*** Supplied material ***
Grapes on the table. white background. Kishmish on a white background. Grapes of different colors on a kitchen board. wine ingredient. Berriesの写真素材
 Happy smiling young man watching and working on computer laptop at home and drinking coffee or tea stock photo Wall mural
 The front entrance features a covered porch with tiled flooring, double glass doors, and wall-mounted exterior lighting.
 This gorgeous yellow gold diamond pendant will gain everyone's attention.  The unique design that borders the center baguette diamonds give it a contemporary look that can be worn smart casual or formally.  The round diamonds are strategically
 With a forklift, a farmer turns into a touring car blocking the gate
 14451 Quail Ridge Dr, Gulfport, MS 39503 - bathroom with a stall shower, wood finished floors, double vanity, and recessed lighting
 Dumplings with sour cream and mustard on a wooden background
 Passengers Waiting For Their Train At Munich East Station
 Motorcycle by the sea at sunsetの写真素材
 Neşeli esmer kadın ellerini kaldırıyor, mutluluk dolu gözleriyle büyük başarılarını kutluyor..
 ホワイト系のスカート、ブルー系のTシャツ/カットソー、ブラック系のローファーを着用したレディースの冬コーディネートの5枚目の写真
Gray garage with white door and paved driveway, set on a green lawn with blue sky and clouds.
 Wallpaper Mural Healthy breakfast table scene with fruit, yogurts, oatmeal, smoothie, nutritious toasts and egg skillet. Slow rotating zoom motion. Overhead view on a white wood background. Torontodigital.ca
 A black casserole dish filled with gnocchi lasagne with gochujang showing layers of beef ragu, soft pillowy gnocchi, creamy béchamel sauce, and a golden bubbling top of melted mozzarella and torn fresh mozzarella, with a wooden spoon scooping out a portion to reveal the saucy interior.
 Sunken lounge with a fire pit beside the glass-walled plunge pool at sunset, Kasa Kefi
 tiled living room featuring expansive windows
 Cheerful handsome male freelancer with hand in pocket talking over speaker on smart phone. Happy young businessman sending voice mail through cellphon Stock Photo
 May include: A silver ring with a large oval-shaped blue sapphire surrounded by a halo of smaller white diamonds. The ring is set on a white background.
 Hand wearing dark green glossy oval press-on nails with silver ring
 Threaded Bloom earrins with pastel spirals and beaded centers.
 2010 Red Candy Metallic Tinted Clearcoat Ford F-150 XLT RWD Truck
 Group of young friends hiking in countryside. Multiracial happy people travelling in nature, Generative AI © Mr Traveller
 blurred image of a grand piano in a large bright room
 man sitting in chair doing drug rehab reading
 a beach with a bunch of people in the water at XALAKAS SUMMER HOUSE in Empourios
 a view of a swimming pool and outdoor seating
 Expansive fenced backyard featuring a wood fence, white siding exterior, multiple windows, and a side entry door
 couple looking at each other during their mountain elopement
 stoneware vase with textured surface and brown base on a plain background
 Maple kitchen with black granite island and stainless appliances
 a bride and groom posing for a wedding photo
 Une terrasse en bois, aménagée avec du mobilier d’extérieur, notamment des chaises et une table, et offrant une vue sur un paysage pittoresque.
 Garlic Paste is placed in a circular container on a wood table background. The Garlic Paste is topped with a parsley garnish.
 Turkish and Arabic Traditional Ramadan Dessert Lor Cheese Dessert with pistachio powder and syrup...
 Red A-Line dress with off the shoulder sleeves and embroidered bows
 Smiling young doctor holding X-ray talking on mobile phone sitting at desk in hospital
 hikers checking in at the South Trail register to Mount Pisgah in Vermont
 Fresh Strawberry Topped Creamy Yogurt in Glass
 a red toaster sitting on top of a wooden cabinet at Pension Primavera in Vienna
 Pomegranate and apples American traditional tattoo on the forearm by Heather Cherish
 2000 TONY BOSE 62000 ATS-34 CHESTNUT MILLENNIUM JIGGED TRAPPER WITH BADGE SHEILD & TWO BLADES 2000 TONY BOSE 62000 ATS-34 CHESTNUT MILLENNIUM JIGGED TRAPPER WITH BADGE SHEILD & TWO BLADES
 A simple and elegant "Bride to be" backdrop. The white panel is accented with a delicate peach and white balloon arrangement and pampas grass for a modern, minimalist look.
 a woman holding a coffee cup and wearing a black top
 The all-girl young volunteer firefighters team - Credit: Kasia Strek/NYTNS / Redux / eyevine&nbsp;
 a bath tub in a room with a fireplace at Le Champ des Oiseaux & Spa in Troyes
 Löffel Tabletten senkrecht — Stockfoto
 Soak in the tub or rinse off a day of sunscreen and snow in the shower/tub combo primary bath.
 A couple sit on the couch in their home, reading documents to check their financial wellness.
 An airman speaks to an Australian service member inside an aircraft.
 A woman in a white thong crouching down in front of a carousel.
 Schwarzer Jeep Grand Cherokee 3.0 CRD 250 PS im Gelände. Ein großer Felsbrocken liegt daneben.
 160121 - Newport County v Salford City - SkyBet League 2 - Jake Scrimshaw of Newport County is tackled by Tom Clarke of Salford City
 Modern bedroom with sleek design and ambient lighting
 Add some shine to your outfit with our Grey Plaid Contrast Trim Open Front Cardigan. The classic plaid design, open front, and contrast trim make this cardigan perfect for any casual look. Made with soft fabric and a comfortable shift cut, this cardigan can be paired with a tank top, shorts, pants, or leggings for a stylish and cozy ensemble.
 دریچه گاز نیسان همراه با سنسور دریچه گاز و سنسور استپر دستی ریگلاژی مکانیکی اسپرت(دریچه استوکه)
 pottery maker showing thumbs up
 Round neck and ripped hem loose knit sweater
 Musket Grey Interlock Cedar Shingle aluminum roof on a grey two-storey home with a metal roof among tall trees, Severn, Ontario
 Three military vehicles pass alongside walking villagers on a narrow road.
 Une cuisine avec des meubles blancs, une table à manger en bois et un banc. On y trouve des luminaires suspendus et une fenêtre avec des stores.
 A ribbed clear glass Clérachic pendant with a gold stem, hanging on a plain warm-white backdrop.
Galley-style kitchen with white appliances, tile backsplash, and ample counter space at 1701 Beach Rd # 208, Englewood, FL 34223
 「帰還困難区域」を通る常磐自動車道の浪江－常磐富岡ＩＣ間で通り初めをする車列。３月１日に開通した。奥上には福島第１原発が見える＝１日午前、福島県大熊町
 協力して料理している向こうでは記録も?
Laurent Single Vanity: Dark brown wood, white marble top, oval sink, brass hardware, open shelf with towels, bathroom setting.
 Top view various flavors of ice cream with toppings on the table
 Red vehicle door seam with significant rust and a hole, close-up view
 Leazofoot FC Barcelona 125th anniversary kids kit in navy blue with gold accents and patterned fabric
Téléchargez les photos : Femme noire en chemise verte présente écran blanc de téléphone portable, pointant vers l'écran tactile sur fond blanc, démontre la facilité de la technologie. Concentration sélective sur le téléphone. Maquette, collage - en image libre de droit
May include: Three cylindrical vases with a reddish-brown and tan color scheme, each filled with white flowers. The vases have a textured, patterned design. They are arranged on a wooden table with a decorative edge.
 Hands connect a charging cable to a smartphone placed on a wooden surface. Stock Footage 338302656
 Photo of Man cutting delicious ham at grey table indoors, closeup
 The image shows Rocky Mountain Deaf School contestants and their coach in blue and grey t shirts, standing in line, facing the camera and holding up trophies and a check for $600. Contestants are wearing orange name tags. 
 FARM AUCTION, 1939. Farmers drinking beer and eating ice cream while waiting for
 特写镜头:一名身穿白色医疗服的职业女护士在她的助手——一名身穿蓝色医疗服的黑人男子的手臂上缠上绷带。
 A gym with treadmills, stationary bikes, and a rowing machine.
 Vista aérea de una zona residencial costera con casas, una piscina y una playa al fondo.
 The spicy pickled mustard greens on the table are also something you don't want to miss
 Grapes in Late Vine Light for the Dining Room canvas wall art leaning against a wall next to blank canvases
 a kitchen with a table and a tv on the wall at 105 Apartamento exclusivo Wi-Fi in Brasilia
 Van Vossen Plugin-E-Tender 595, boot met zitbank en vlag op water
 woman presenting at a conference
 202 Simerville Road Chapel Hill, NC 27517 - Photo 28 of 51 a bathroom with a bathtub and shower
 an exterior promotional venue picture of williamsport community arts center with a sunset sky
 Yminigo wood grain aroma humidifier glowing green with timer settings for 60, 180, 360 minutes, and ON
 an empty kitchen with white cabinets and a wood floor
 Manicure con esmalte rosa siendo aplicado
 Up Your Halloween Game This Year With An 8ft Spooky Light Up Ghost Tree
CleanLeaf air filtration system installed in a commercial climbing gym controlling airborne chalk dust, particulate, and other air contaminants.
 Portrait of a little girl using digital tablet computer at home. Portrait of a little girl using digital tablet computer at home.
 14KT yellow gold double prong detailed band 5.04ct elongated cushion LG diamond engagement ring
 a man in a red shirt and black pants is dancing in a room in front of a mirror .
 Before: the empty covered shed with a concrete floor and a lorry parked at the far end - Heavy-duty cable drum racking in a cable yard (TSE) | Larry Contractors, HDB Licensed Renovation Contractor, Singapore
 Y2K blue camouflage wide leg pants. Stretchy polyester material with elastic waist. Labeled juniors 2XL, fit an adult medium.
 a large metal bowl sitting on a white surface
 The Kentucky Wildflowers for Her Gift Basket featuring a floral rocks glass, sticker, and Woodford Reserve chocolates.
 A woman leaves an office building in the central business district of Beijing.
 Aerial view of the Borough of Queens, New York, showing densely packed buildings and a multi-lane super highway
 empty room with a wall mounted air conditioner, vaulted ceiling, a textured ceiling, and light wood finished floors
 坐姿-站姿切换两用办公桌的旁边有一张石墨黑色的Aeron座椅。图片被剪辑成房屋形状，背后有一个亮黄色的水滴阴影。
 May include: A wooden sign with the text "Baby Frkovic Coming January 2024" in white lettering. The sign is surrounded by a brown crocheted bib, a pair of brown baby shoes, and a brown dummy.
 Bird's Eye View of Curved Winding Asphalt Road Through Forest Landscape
***
= Work order =
Copy out the range of lines above starting at the line with "Gray garage with" and ending at the line with "May include: A silver", exactly and including both.

= Exercise output =
Gray garage with white door and paved driveway, set on a green lawn with blue sky and clouds.
 Wallpaper Mural Healthy breakfast table scene with fruit, yogurts, oatmeal, smoothie, nutritious toasts and egg skillet. Slow rotating zoom motion. Overhead view on a white wood background. Torontodigital.ca
 A black casserole dish filled with gnocchi lasagne with gochujang showing layers of beef ragu, soft pillowy gnocchi, creamy béchamel sauce, and a golden bubbling top of melted mozzarella and torn fresh mozzarella, with a wooden spoon scooping out a portion to reveal the saucy interior.
 Sunken lounge with a fire pit beside the glass-walled plunge pool at sunset, Kasa Kefi
 tiled living room featuring expansive windows
 Cheerful handsome male freelancer with hand in pocket talking over speaker on smart phone. Happy young businessman sending voice mail through cellphon Stock Photo
 May include: A silver ring with a large oval-shaped blue sapphire surrounded by a halo of smaller white diamonds. The ring is set on a white background.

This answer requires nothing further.